Pire encore, ils semblent impuissants (« ne peuvent-ils pas… ? ») à exercer la justice contre de vrais coupables dont le « crime » est souligné par la répétition « criminels »/« crime » dans le même vers (v. 21).
mot clé
Un réquisitoire est un discours à charge qui accuse quelqu'un ou qui critique une cause ou une idée pour convaincre un auditoire. Le plaidoyer est un discours qui vise à défendre une personne, une cause ou une idée.
Ce réquisitoire va de pair avec une vision tragique de la condition humaine : en proie à l'acharnement divin, l'homme se trouve démuni ; l'oxymore « illustres misérables » traduit ce poids insupportable. Jocaste se trouve dans la situation paradoxale d'une héroïne criminelle malgré elle, condamnée à vivre.
3. La culpabilité des dieux
Il ressort de ce monologue poignant que ce sont les dieux les coupables.
Omniprésents, en position de sujet de verbes d'action (« ouvrit, conduisent », trois fois le verbe « faire » – v. 20, 21, 22), Jocaste fait d'eux les vrais responsables agissants du malheur et des « tourments » des hommes.

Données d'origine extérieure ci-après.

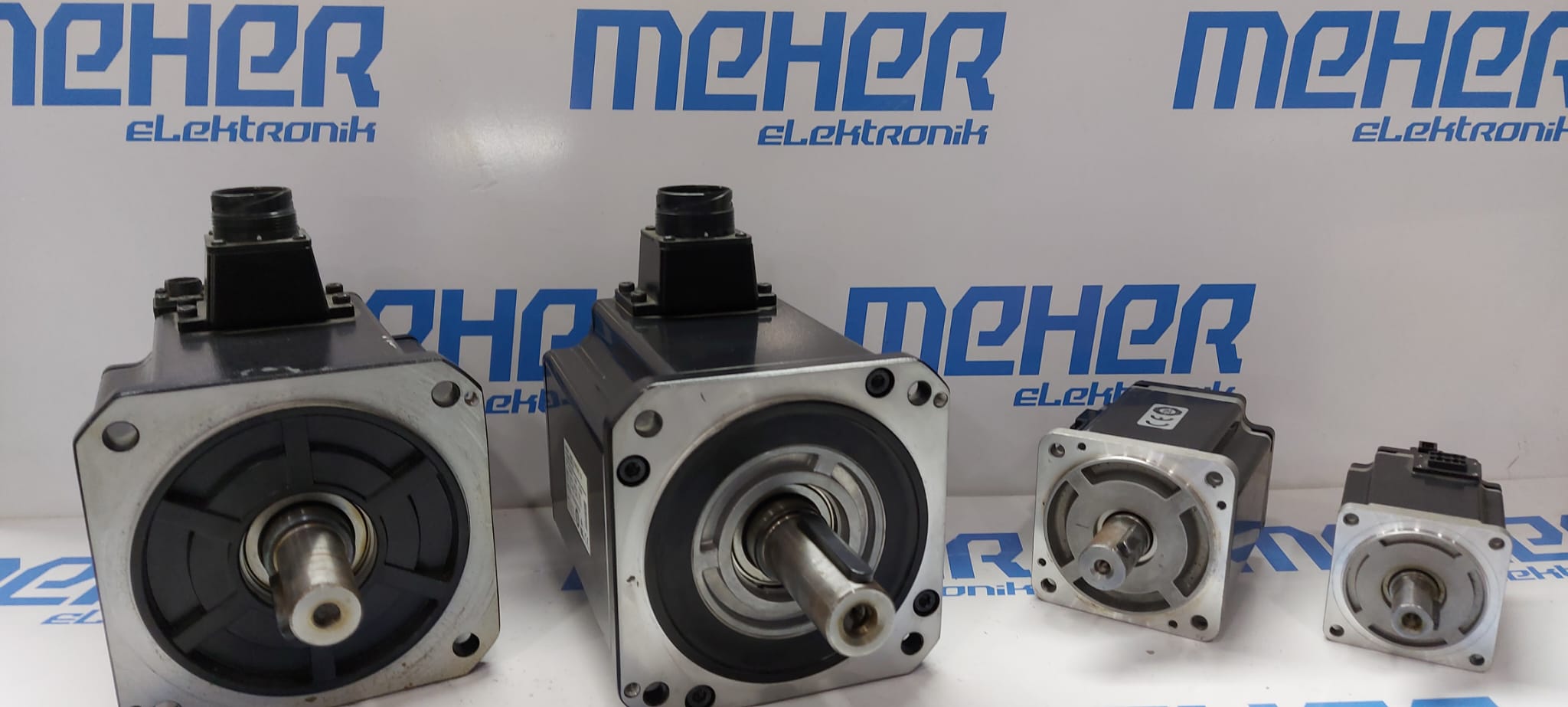 OMRON R88M-1M75030T-S2 SERVO MOTOR 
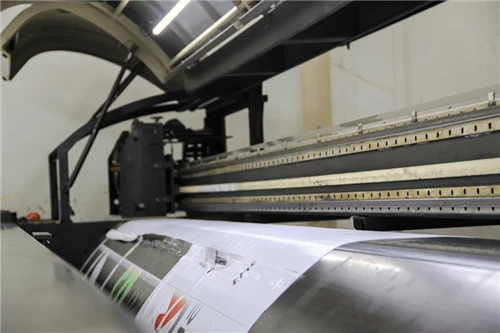 Resolving Folding Misalignment And Glue Flap Creasing in High-Speed Flexo Folder Gluers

La contradiction de leur attitude apparaît dans la métaphore du « précipice » (v. 17, 19 : « au bord du crime ») : ils amènent l'homme vers la mort mais le retiennent « au bord », comme pour prolonger sa souffrance et le soumettre à la tentation de mourir pour abréger ses peines (v. 4) ; ils le forcent à commettre un acte indigne, le tentent mais ne lui offrent aucune possibilité de se racheter (v. 19-20 : « ils […] ne l'excusent pas »). Plus démoniaques que divins, ils jouent avec les sentiments et la vie des humains.
Face à ces êtres injustes, Jocaste se trouve comme mise en pièces (série de métonymies : « mes bras », « mes pas » et « mon cœur »). Elle se présente comme impuissante et manipulée : les dieux font dévier sa route et ses sentiments. Leur mise en cause se renforce de la répétition d'un « vous » accusateur précédé du présentatif « c'est » (v. 16-17).
Conclusion
mot clé
Une des règles de la tragédie classique : il ne faut choquer ni la sensibilité ni la morale. Aucune action violente (meurtres, suicides…) ou peu convenable (allusion à la sexualité) ne doit être représentée sur scène.

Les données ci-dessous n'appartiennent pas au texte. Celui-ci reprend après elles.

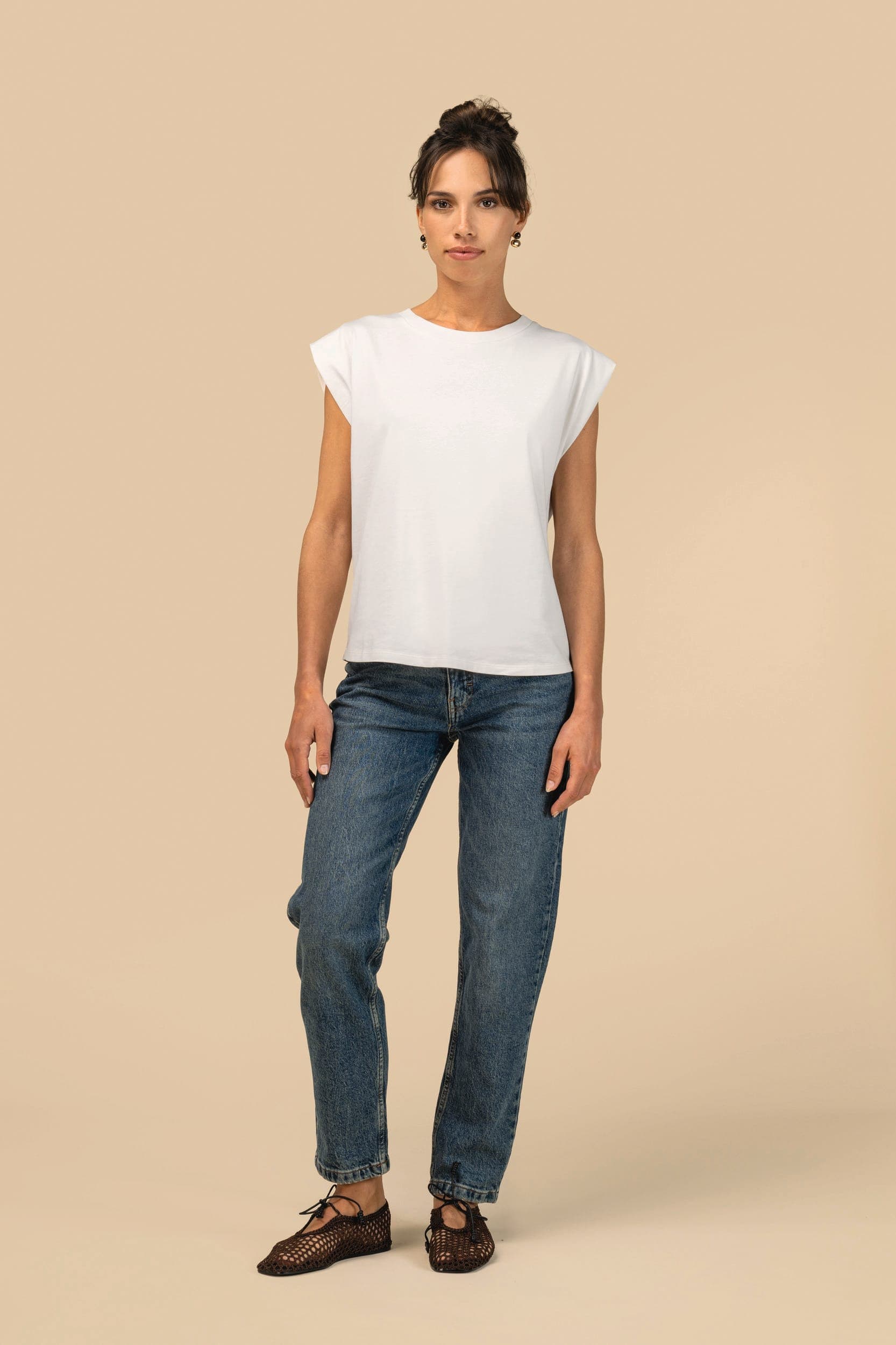 T-shirt écoresponsable sans manches à épaulettes femme en situation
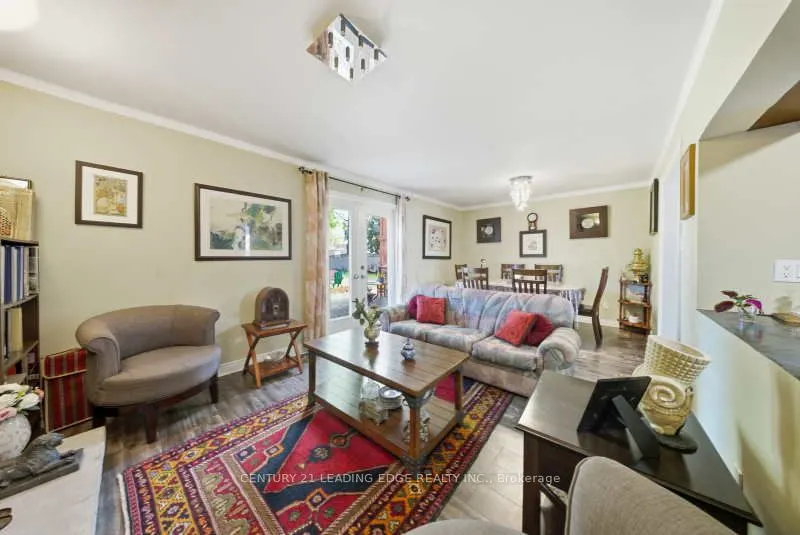 55 Lake Drive N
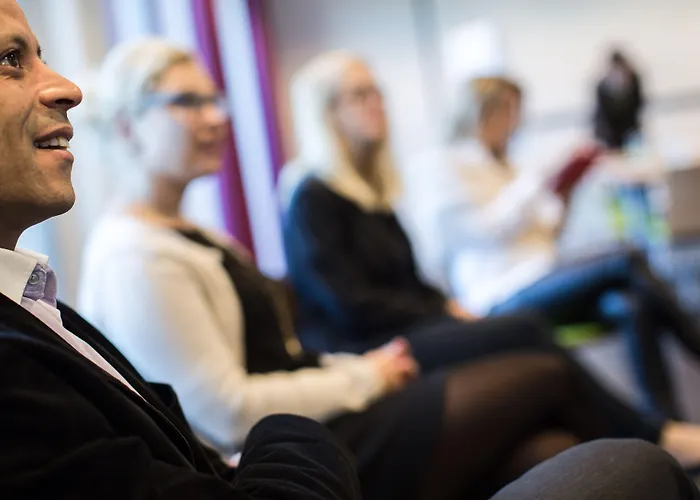 Plaza Messe 3* Грац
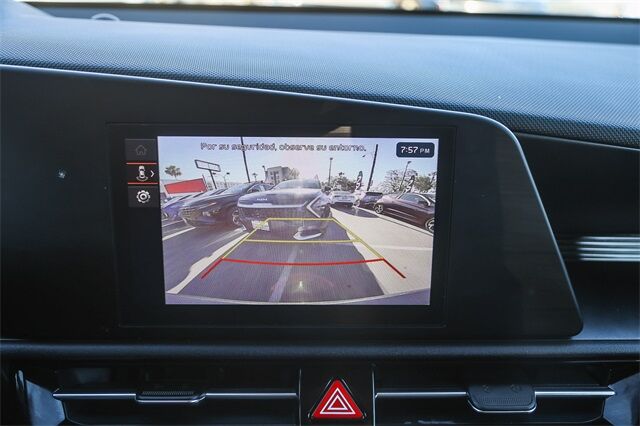 2025 Kia Niro LX Glendale CA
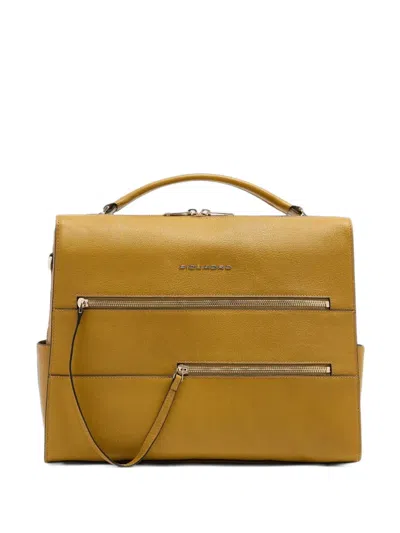 Piquadro Logo-plaque Laptop Bag In Gold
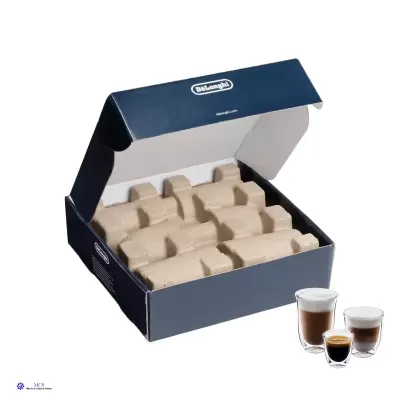 Caixa azul De'Longhi com divisórias internas e três copos transparentes com café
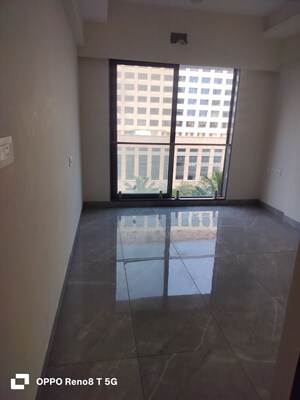 Room in 1 BHK Apartment at Hubtown The Premiere, Andheri West – for Sale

[Synthèse] Malgré les contraintes et l'exigence de bienséance dans la tragédie classique du xviie siècle, Racine, dans le monologue de Jocaste, réussit à rendre compte de l'intensité poignante du désarroi et de la révolte de son héroïne, qui incarne le tragique de la condition humaine.
[Ouverture] Son fort potentiel tragique lui vaudra d'être l'objet de multiples réécritures littéraires : quatre siècles après Racine, Cocteau, dans La Machine infernale, modernise ce personnage et lui donne un nouveau visage.